Bartosz Szydłowski’s Conformist 2029 examines the temptations of opportunism and poses the fundamental question: why would someone raised in the spirit of freedom and justice be tempted by fascism? When history decides to test us, how many of us turn out to be titular conformists?

The competition performances also include Iwona Kempa’s Blackmen in Florence, the multi-award winning production of the Nowy Proxima Theatre. Based on a novel by Croatian author Vedrana Rudan, it is a tragicomedy depicting family as an allegory of war.
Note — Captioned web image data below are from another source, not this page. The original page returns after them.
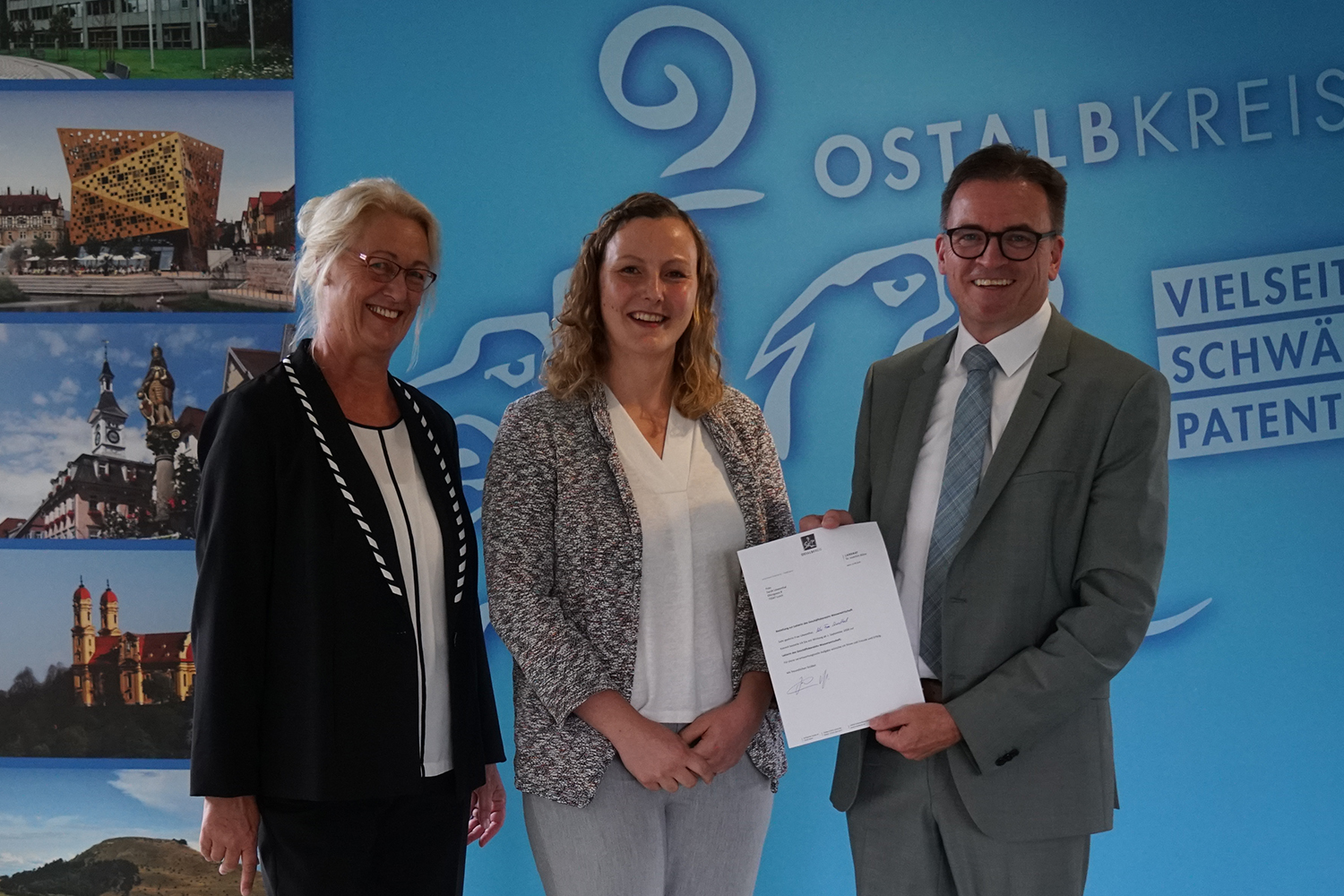 V. l.: Erste Landesbeamtin Gabriele Seefried, Sarah Löwenthal und Landrat Dr. Joachim Bläse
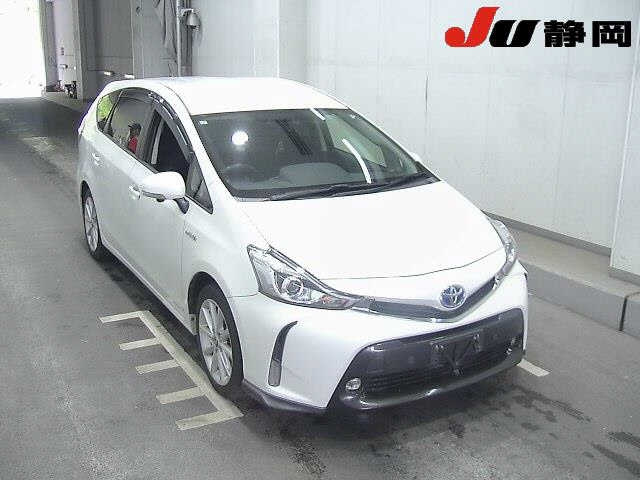 TOYOTA PRIUS ALPHA 2015
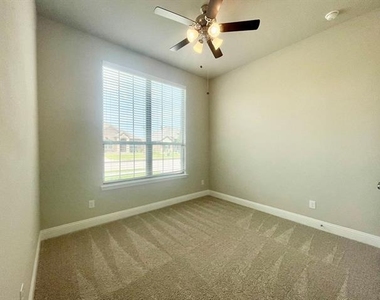 3002 Pronghorn Drive - Photo Thumbnail 19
A new element of this year’s Inferno competition is a play written for a young audience. Little Boy Lost, directed by Paweł Passini and written by Artur Pałyga, is a journey into a virtual world which snatches young people away from reality with deadly consequences.

We will also see plays based on classics of world literature. Jacek Głomb depicts cruelty, manipulation and interference by the state in The Possessed based on the novel by Fyodor Dostoyevsky. Chekhov’s Uncle Vanya directed by Ivan Vyrypaev is a satirical riposte to contemporary theatre which can often leave audiences feeling drained by its experimentation, vulgarity and nudity. The star-studded play features Anna Nehrebecka making a welcome return to the stage, with Teresa Budzisz-Krzyżanowska, Karolina Gruszka, Andrzej Seweryn and Maciej Stuhr.

New energies

The perennial favourite Paradiso section expands its scope this year to include other areas of performing arts, with a focus on new choreography.
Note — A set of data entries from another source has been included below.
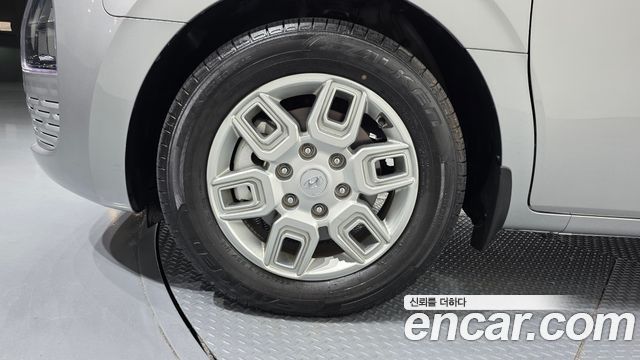 Hyundai Staria Cargo 5-Seater Modern 2023 — фото 5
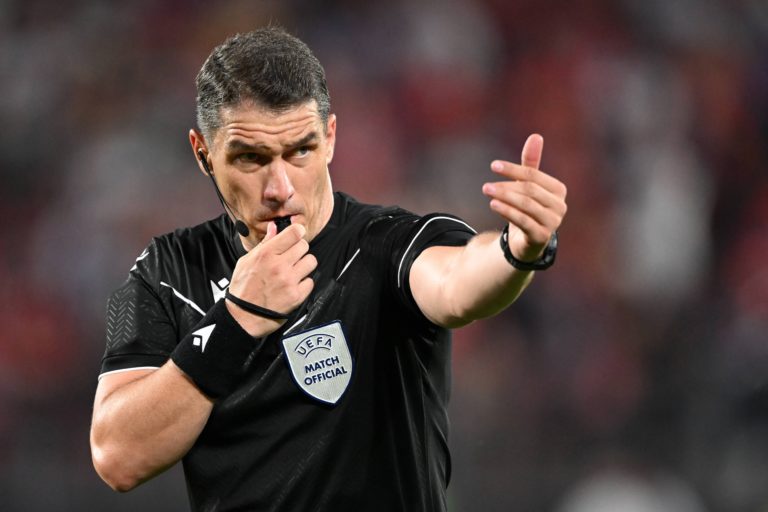 Istvan Kovacs va arbitra astăzi Bayern – PSG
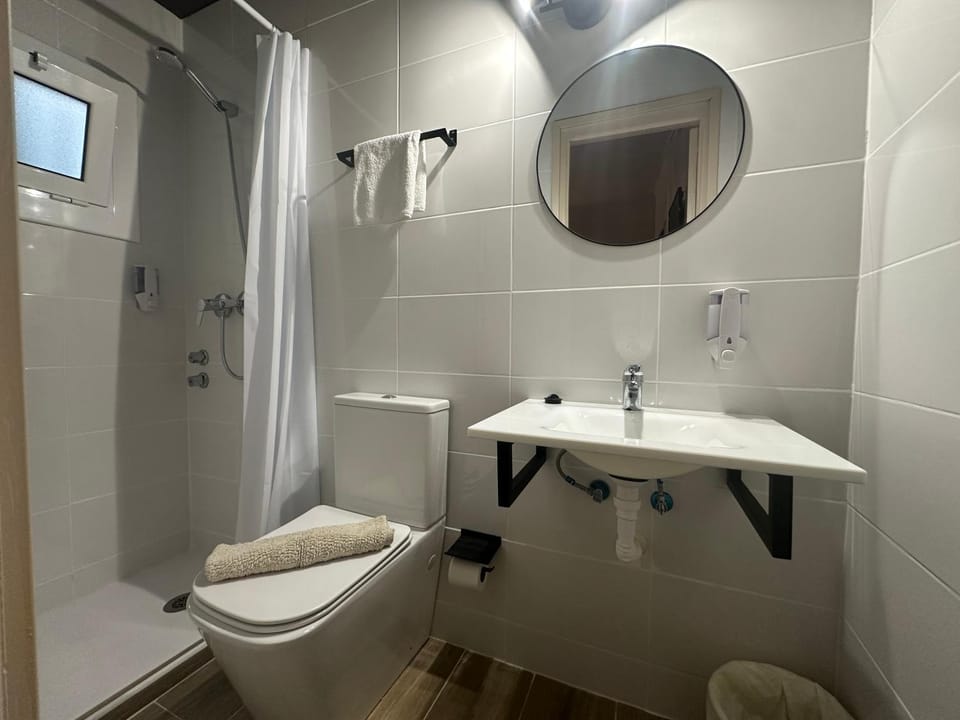 Can Setmanes by CozyCatalonia - Hostal Central Blanes Bed and Breakfast in Blanes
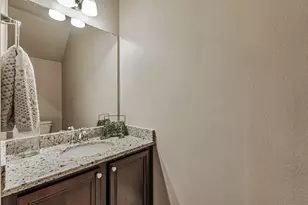 8726 Brown Pelican Cir, Navarre, FL 32566 - Photo 35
Paweł Sakowicz, one of Poland’s most promising choreographers, presents Jumpcore – a dance spectacle inspired by the life of Fred Herko, the cult American dancer best known for his appearances in Andy Warhol’s early films and his untimely death by suicide when he jumped out of a fifth-storey window during an improvised dance.

The section also includes several strong plays by women. In her spectacle Poets-Prophets, Ewa Rucińska ponders what our national poets might have written about contemporary Poland, while Renata Piotrowska-Auffret’s Pure Gold Is Seeping Out of Me is a study of the female body and the desire for a child, whose birth is often worth its weight in gold. Małgorzata Wdowik’s Strach searches for sources of our terrors, frequently more closely associated with images, sounds and smells than real memories of past events.

We will also see graduation performances by students of the Academy of Theatre Arts: Marcin Liber’s #Gwałt na Lukrecji exploring sexual violence against women and Paweł Miśkiewicz’s fascinating Kongres (nie do końca) futurologiczny.

The section also includes Mateusz Pakuła’s debut Pluton p-brane in which the playwright shows fictional meetings of two explorers of the planet: Percival Lowell and Clyde Tombaughem.

The section also includes an open discussion on Polish theatre, bringing together young Lithuanian directors and students of the acclaimed artist Yana Ross.

Premieres and… premieres

But before we immerse ourselves in the hot atmospheres of Inferno and Paradiso, we explore events held as part of the Purgatorio section. The festival opens with a premiere of The Master and Margarita directed by Paweł Passini from the Ludowy Theatre. It is a special honour for the Nowa Huta-based theatre whose production Secret Life of the Friedmans (dir. Marcin Wierzchowski) won the Grand Prix at last year’s festival. We will also see the long-awaited Rok z życia codziennego w Europie Środkowo-Wschodniej by Monika Strzępka and Paweł Demirski, staged at the Stary Theatre. Natalia Korczakowska’s Two-Headed Calf is a co-production of Studio Theatre and the California Institute of the Arts (CalArts) based on Witkacy’s play exploring nature as a source of metaphysical experience helping us protect our individuality against the soullessness of civilisation. And, as always, we will also see spectacles from Cracovian theatres including Barakah Theatre, accompanied by meetings with artist and discussions.

The festival also includes a special edition of The Art of Thinking – a theatrical philosophy cycle organised by the Juliusz Słowacki Theatre in Kraków. The meeting is hosted by Bartosz Szydłowski and Prof. Piotr Augustyniak, with special guests Krystian Lupa and Janusz Palikot discussing theatre, politics and metaphysics.

***

The organisers of the Divine Comedy festival promise that in a world which is still home to much evil, Polish theatre lights up the darkness, returns to core values and provides a way out of chaos. Let’s head towards the light!